Re: [rfc] fsync_range?

All of lore.kernel.org
 help / color / mirror / Atom feed

From: Nick Piggin <npiggin@suse.de>
To: Jamie Lokier <jamie@shareable.org>
Cc: linux-fsdevel@vger.kernel.org
Subject: Re: [rfc] fsync_range?
Date: Wed, 21 Jan 2009 04:48:35 +0100	[thread overview]
Message-ID: <20090121034835.GG24891@wotan.suse.de> (raw)
In-Reply-To: <20090121031500.GA2354@shareable.org>

On Wed, Jan 21, 2009 at 03:15:00AM +0000, Jamie Lokier wrote:
> Nick Piggin wrote:
> > > I like the idea.  It's much easier to understand than sync_file_range,
> > > whose man page doesn't really explain how to use it correctly.
> > > 
> > > But how is fsync_range different from the sync_file_range syscall with
> > > all its flags set?
> > 
> > sync_file_range would have to wait, then write, then wait. It also
> > does not call into the filesystem's ->fsync function, I don't know
> > what the wider consequences of that are for all filesystems, but
> > for some it means that metadata required to read back the data is
> > not synced properly, and often it means that metadata sync will not
> > work.
> 
> fsync_range() must also wait, write, then wait again.
> 
> The reason is this sequence of events:
> 
>     1. App calls write() on a page, dirtying it.
>     2. Data writeout is initiated by usual kernel task.
>     3. App calls write() on the page again, dirtying it again.
>     4. App calls fsync_range() on the page.
>     5. ... Dum de dum, time passes ...
>     6. Writeout from step 2 completes.
> 
>     7. fsync_range() initiates another writeout, because the
>        in-progress writeout from step 2 might not include the changes from
>        step 3.
> 
>     7. fsync_range() waits for writout from step 7.
>     8. fsync_range() requests a device cache flush if needed (we hope!).
>     9. Returns to app.
> 
> Therefore fsync_range() must wait for in-progress writeout to
> complete, before initiating more writeout and waiting again.

That's only in rare cases where writeout is started but not completed
before we last dirty it and before we call the next fsync.

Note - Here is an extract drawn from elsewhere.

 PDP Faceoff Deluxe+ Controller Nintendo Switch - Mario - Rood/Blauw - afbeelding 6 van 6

I'd say in
most cases, we won't have to wait (it should often remain clean).

 
> This is the reason sync_file_range() has all those flags.  As I said,
> the man page doesn't really explain how to use it properly.

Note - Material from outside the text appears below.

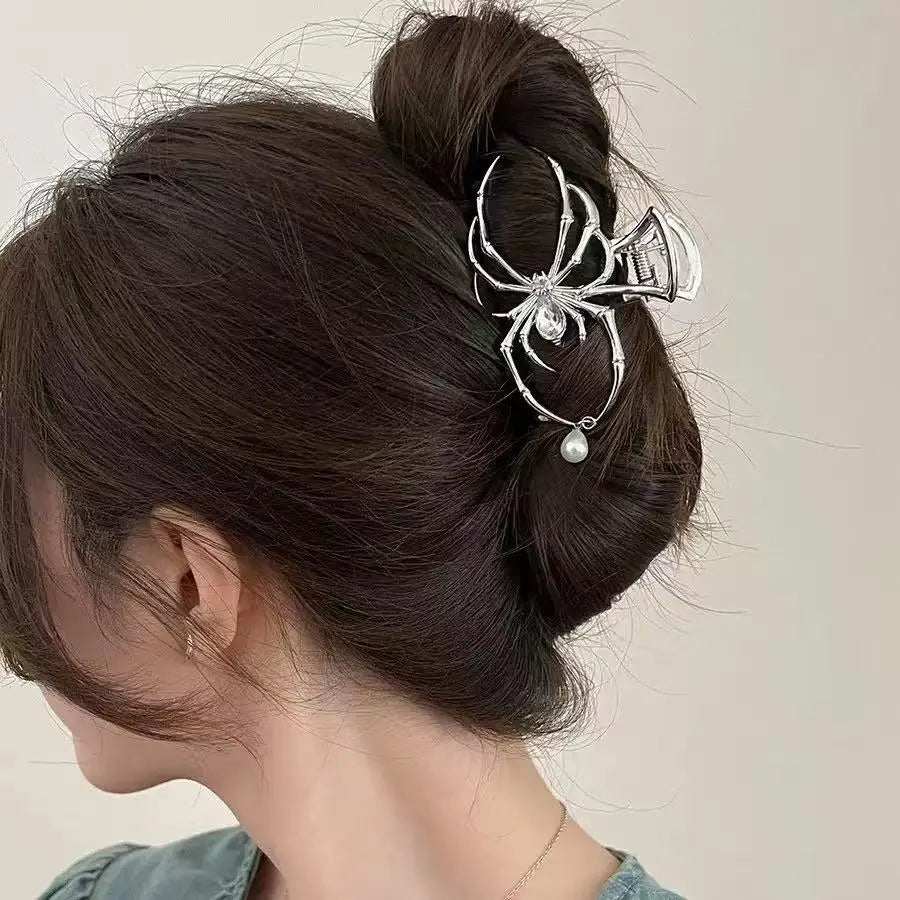 Gothic Spider Hair Claw Clip Alternative Y2K Statement Fashion Accessory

Well, one can read what the code does. Aside from that extra wait,
and the problem of not syncing metadata, one thing I dislike about
it is that it exposes the new concept of "writeout" to the userspace
ABI.  Previously all we cared about is whether something is safe
on disk or not. So I think it is reasonable to augment the traditional
data integrity APIs which will probably be more easily used by
existing apps.
 

> An optimisation would be to detect I/O that's been queued on an
> elevator, but where the page has not actually been read (i.e. no DMA
> or bounce buffer copy done yet).  Most queued I/O presumably falls
> into this category, and the second writeout would not be required.
> 
> But perhaps this doesn't happen much in real life?

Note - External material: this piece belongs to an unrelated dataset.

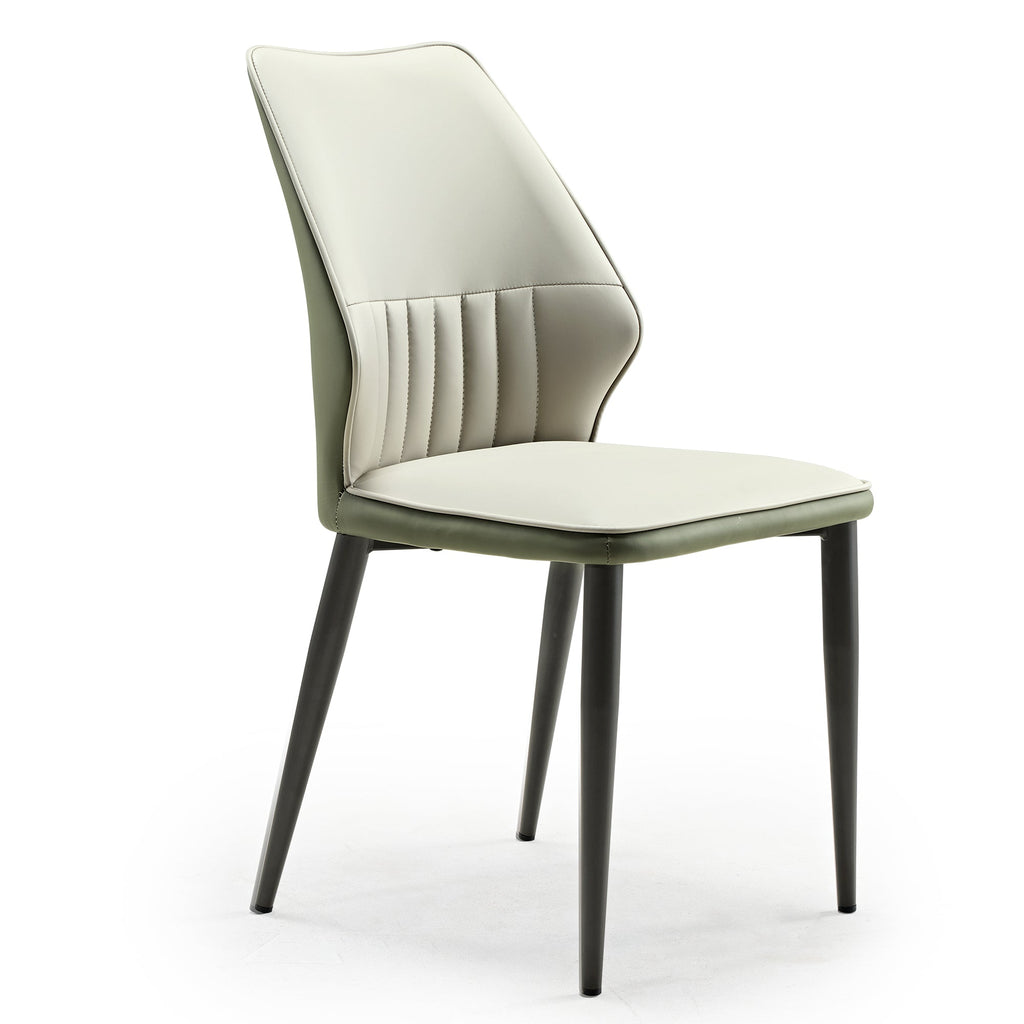 Ember, Upholstered Dining Side Chair Set of 2, Gray and Bottle Green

I doubt it would be worth the complexity. It would probably be pretty
fiddly and ugly change to the pagecache.


> Also the kernel is in a better position to decide which order to do
> everything in, and how best to batch it.

Better position than what? I proposed fsync_range (or fsyncv) to be
in-kernel too, of course.

 
> Also, during the first wait (for in-progress writeout) the kernel
> could skip ahead to queuing some of the other pages for writeout as
> long as there is room in the request queue, and come back to the other
> pages later.

Sure it could. That adds yet more complexity and opens possibility for
livelock (you go back to the page you were waiting for to find it was
since redirtied and under writeout again).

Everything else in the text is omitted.